**PROBLEM TO WORK ON**. Among the entries below, find the line with "Les Ruines De" and the line with "the Court of". Return exactly those lines and every line between them, but no pictures.

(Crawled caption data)
__________
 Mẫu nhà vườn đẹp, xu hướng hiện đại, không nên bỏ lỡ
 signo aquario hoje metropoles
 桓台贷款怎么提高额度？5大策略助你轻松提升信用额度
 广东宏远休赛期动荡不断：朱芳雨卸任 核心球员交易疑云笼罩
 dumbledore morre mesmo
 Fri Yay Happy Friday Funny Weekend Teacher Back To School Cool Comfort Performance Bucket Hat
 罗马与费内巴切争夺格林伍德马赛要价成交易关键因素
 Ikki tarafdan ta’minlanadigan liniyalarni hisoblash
__________
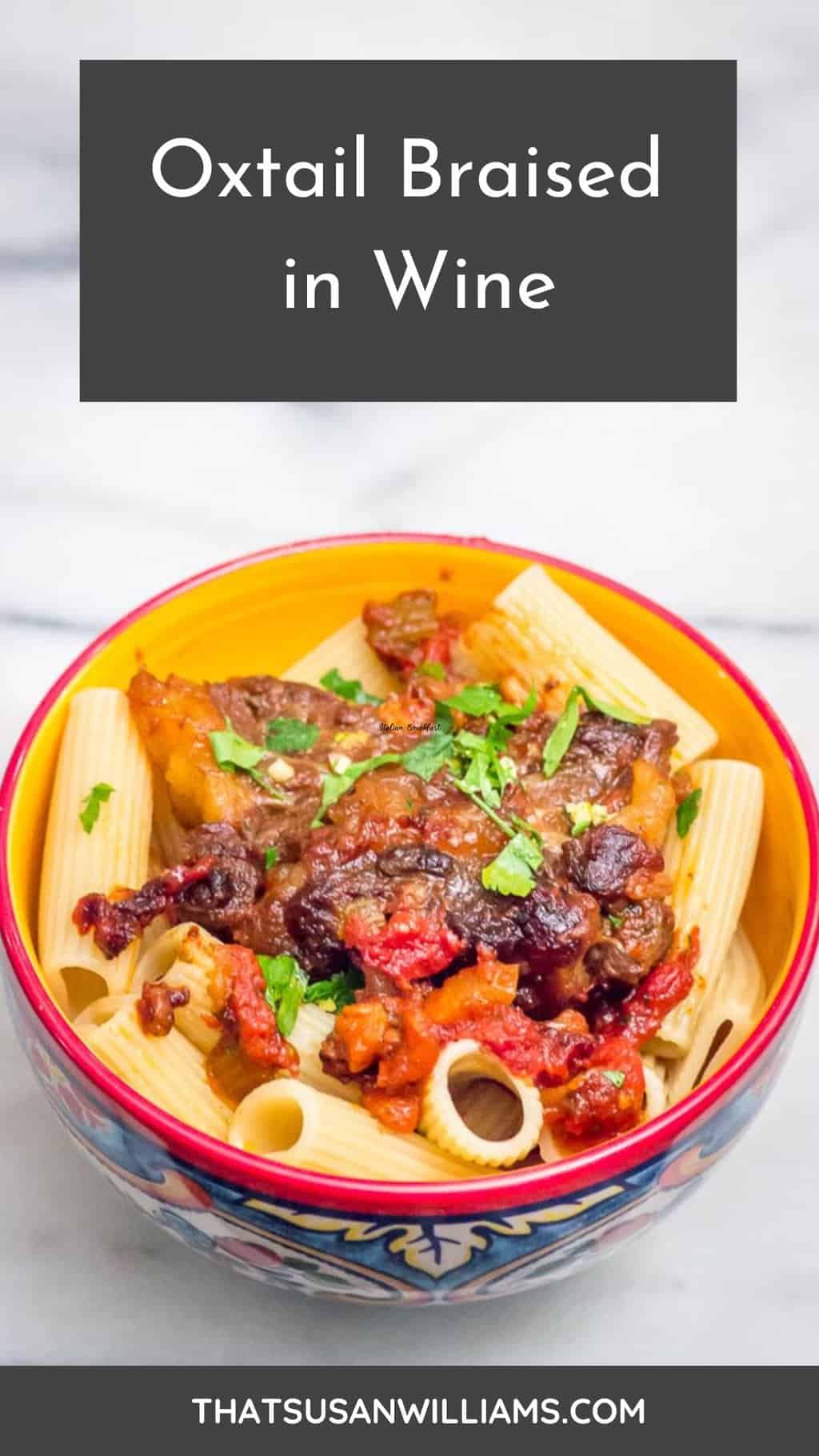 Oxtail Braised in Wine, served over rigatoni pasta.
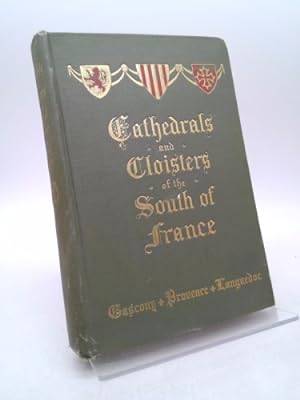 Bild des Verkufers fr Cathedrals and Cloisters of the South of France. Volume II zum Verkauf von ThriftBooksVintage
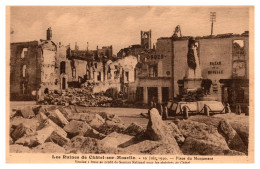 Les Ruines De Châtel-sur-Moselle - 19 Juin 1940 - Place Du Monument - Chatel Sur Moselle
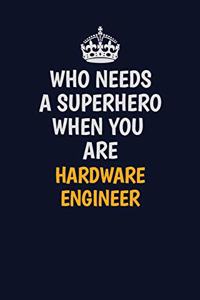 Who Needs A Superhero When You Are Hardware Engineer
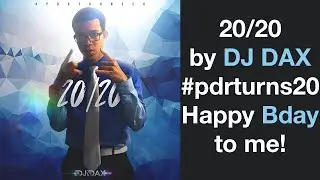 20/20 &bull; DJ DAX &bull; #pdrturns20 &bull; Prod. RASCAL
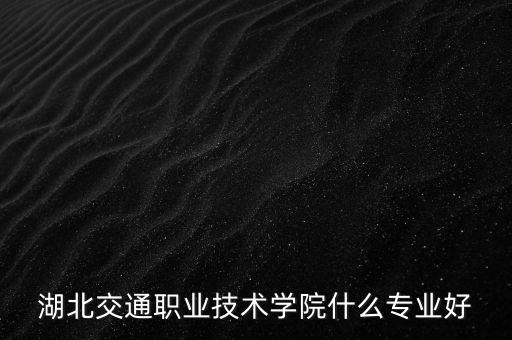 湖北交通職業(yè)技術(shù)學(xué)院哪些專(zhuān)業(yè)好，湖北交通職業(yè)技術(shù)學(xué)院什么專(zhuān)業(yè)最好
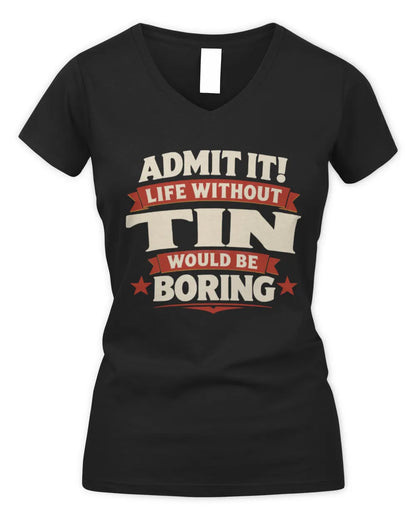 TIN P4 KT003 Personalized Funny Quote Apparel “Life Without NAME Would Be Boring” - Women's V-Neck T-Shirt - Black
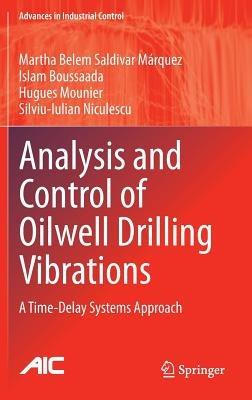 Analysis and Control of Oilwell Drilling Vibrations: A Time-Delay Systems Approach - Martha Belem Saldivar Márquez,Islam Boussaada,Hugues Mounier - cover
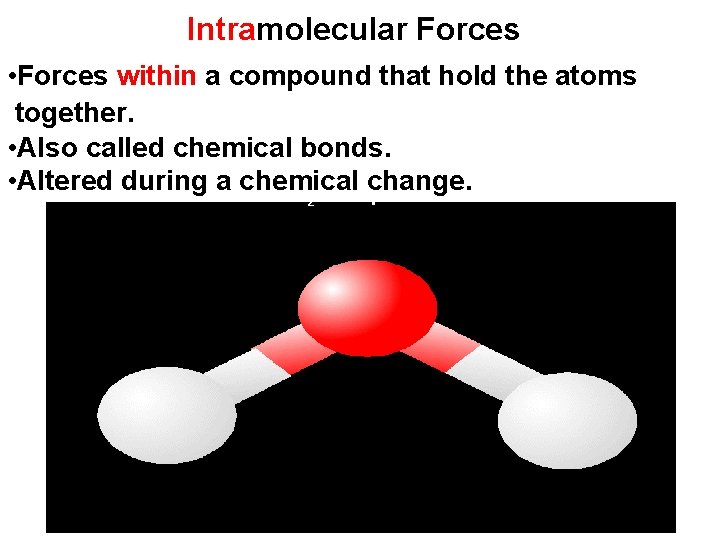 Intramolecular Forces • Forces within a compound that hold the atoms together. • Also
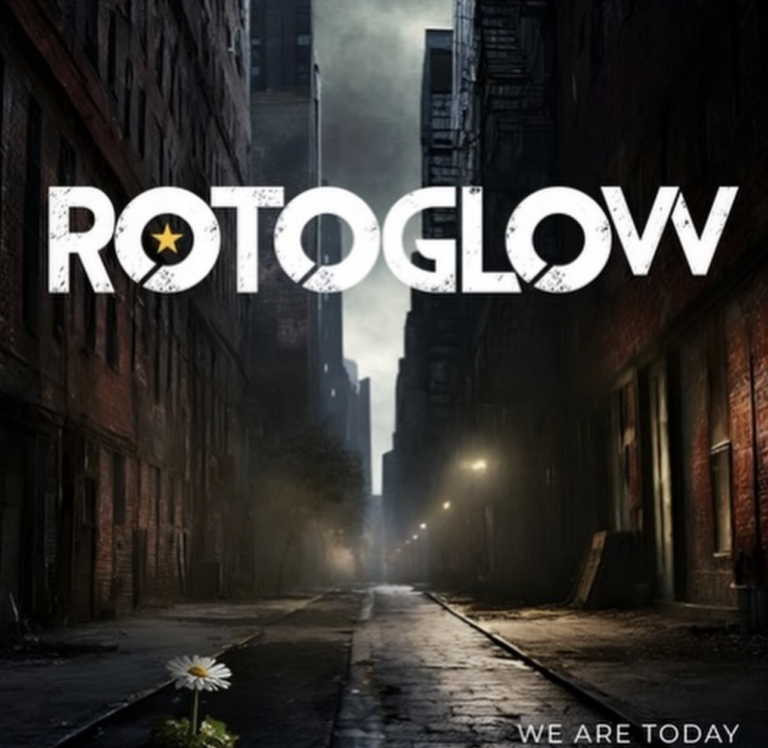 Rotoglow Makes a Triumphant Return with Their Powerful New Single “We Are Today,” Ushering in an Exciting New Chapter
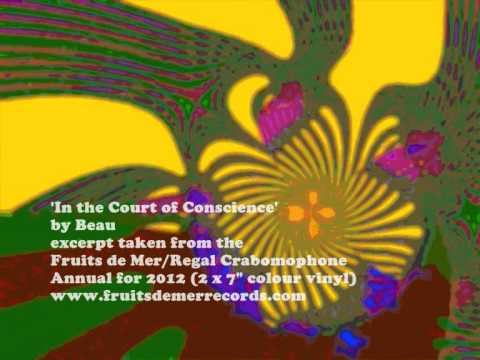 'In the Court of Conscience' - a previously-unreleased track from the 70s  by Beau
__________
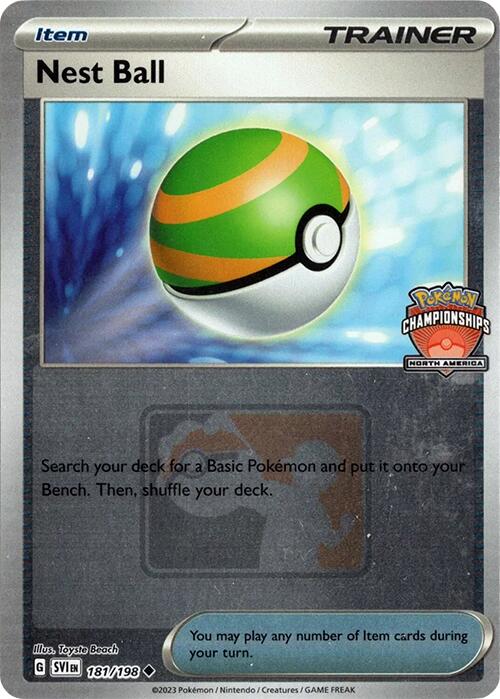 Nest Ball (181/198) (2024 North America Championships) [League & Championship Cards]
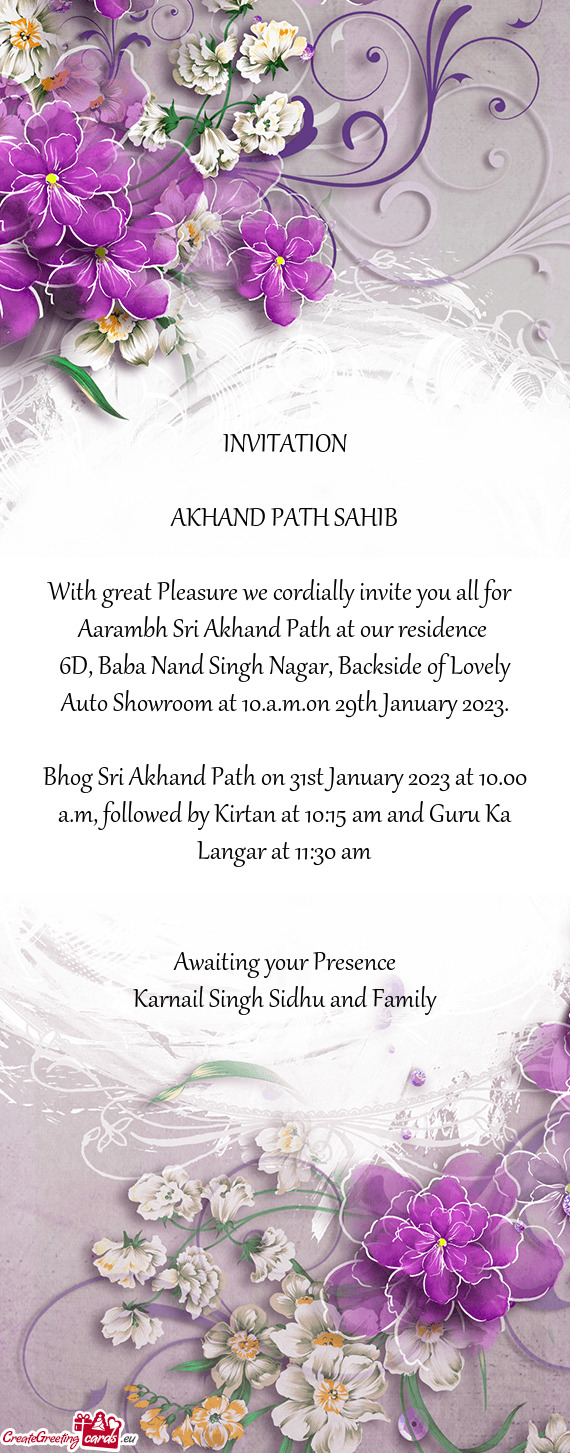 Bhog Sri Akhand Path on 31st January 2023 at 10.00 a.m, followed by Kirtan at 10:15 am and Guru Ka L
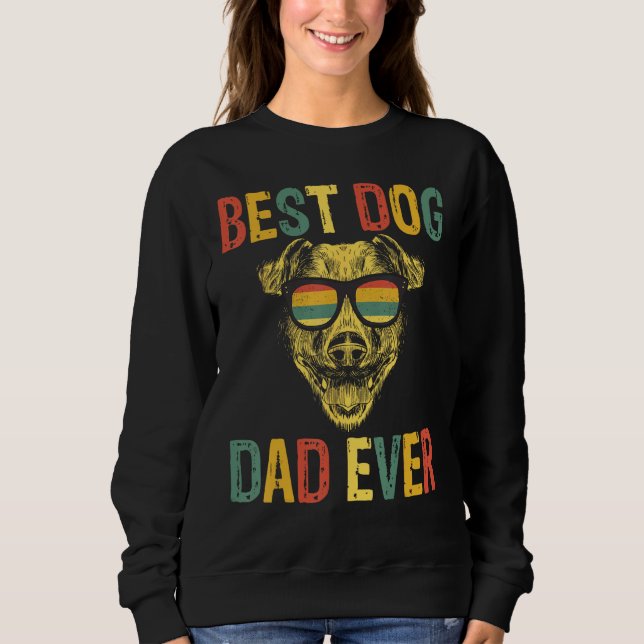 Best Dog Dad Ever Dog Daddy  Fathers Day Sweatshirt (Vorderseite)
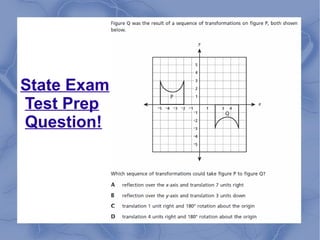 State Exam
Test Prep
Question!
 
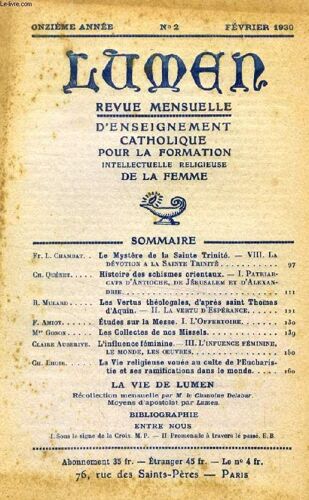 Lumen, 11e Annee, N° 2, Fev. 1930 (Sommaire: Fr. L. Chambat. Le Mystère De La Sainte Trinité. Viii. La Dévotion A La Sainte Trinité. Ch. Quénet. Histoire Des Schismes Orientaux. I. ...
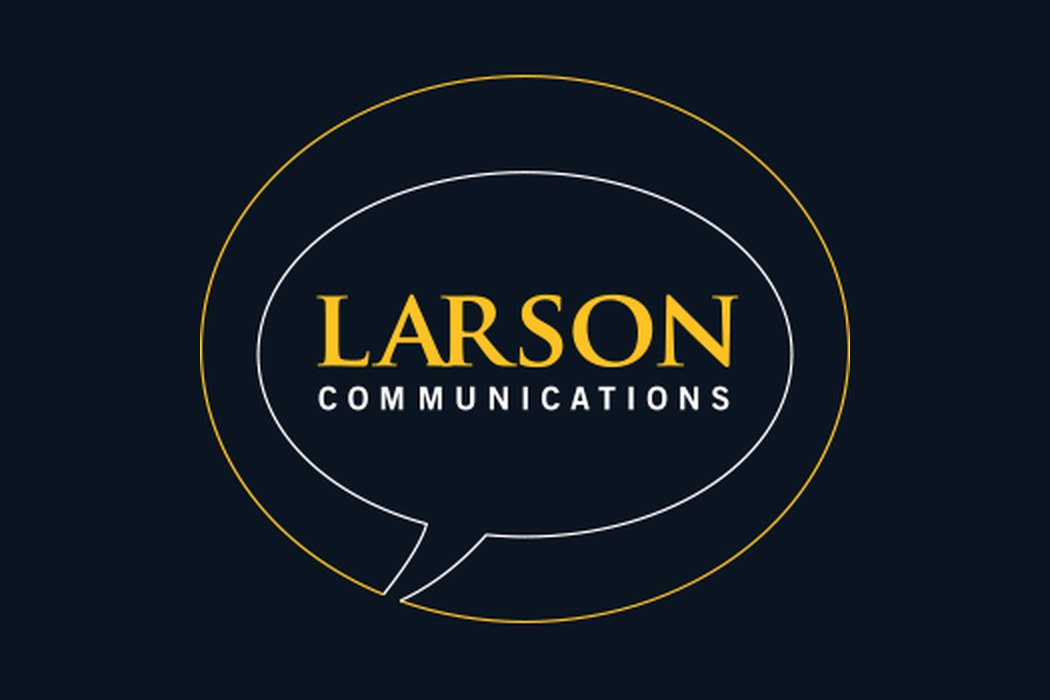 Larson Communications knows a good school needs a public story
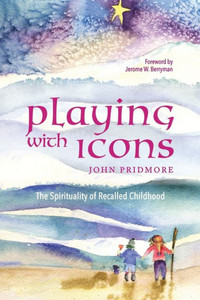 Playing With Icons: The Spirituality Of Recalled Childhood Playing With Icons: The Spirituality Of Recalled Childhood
__________
**EXERCISE RESPONSE**.
 Les Ruines De Châtel-sur-Moselle - 19 Juin 1940 - Place Du Monument - Chatel Sur Moselle
 Who Needs A Superhero When You Are Hardware Engineer
 20/20 &bull; DJ DAX &bull; #pdrturns20 &bull; Prod. RASCAL
 湖北交通職業(yè)技術(shù)學(xué)院哪些專(zhuān)業(yè)好，湖北交通職業(yè)技術(shù)學(xué)院什么專(zhuān)業(yè)最好
 TIN P4 KT003 Personalized Funny Quote Apparel “Life Without NAME Would Be Boring” - Women's V-Neck T-Shirt - Black
 Analysis and Control of Oilwell Drilling Vibrations: A Time-Delay Systems Approach - Martha Belem Saldivar Márquez,Islam Boussaada,Hugues Mounier - cover
 Intramolecular Forces • Forces within a compound that hold the atoms together. • Also
 Rotoglow Makes a Triumphant Return with Their Powerful New Single “We Are Today,” Ushering in an Exciting New Chapter
 'In the Court of Conscience' - a previously-unreleased track from the 70s  by Beau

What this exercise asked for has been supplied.